(Dataset excerpts)

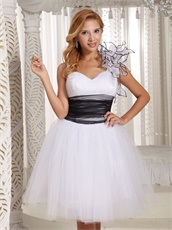 Flouncing One Shoulder Multilayer Tulle Graduation Dress White and Black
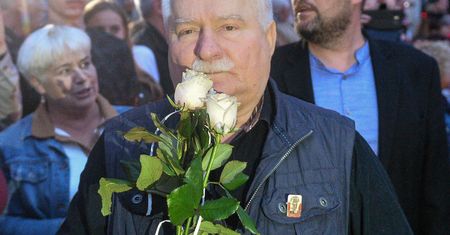 Wałęsa opublikował mem z Kaczyńskim. "Pojechał Pan grubo"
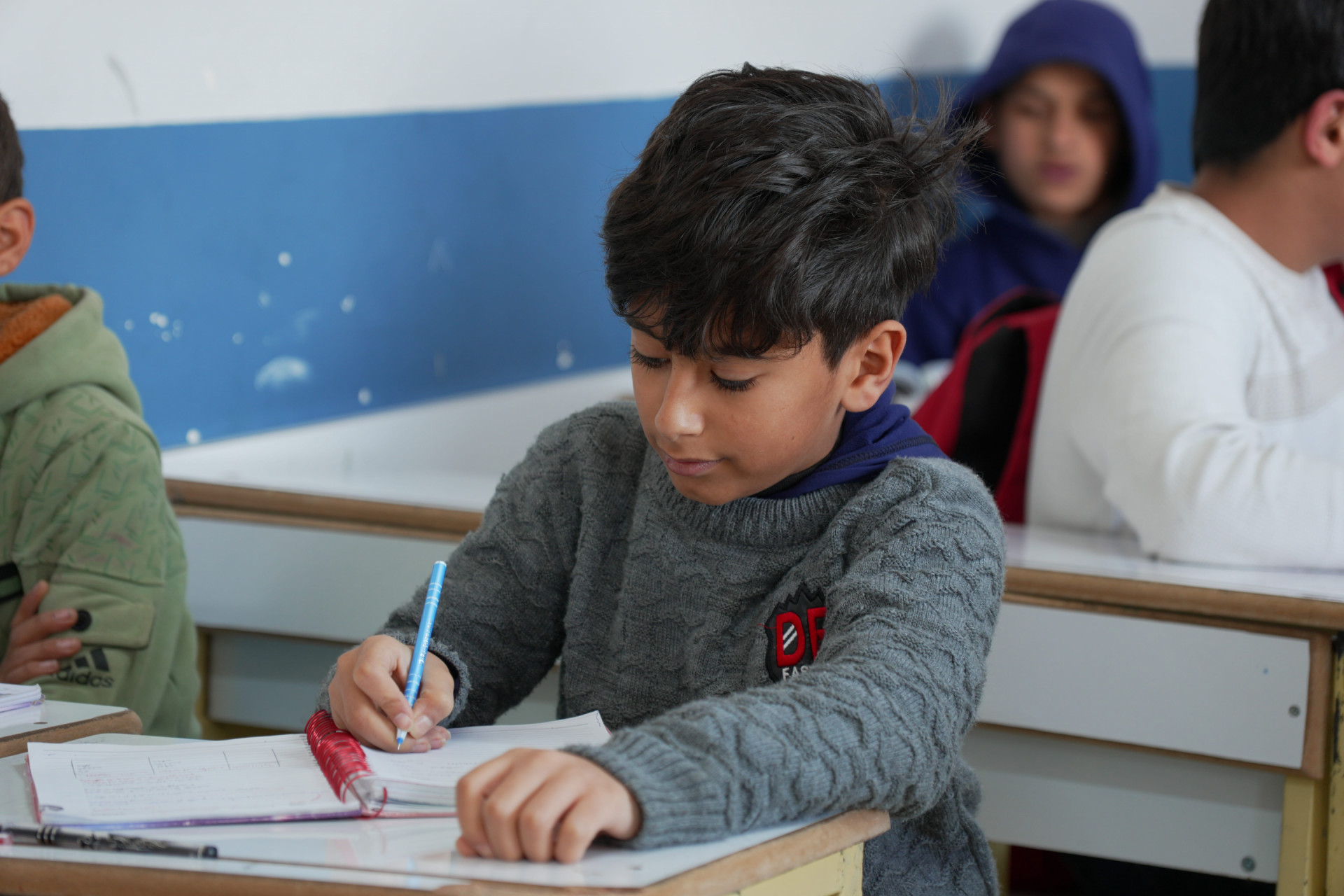 يوسف يطمح لمواصلة تعليمه بدعمكم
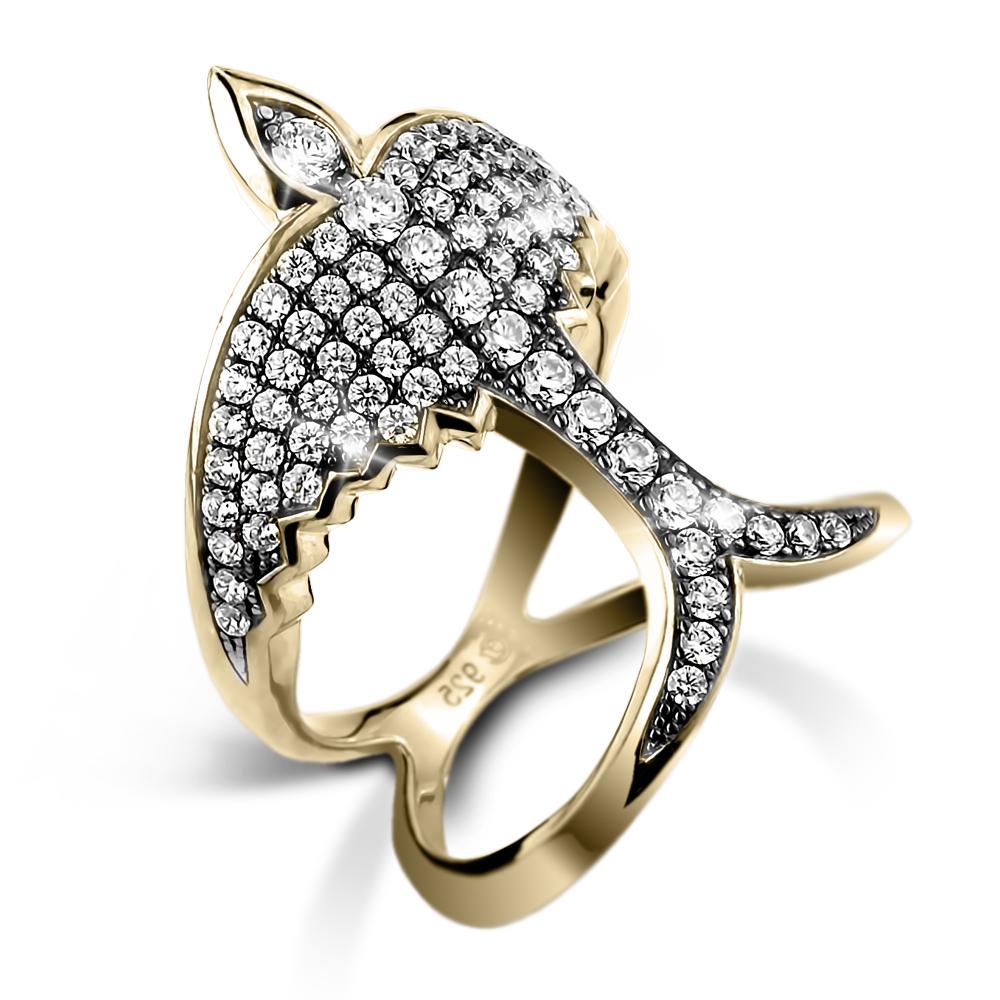 Swallows Return Gold Ring crafted from sterling silver with gold plating, featuring intricate crystal accents in a unique swallow design for women’s jewelry.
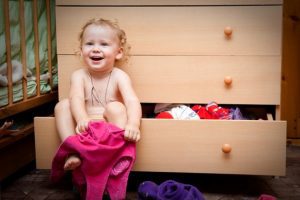 استقلال و مراحل رشد کودکان 1 تا 3 ساله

__How to complete this task__:
Give back all entries exactly. No pictures belong in the copy.

__Exercise answer__:
 Flouncing One Shoulder Multilayer Tulle Graduation Dress White and Black
 Wałęsa opublikował mem z Kaczyńskim. "Pojechał Pan grubo"
 يوسف يطمح لمواصلة تعليمه بدعمكم
 Swallows Return Gold Ring crafted from sterling silver with gold plating, featuring intricate crystal accents in a unique swallow design for women’s jewelry.
 استقلال و مراحل رشد کودکان 1 تا 3 ساله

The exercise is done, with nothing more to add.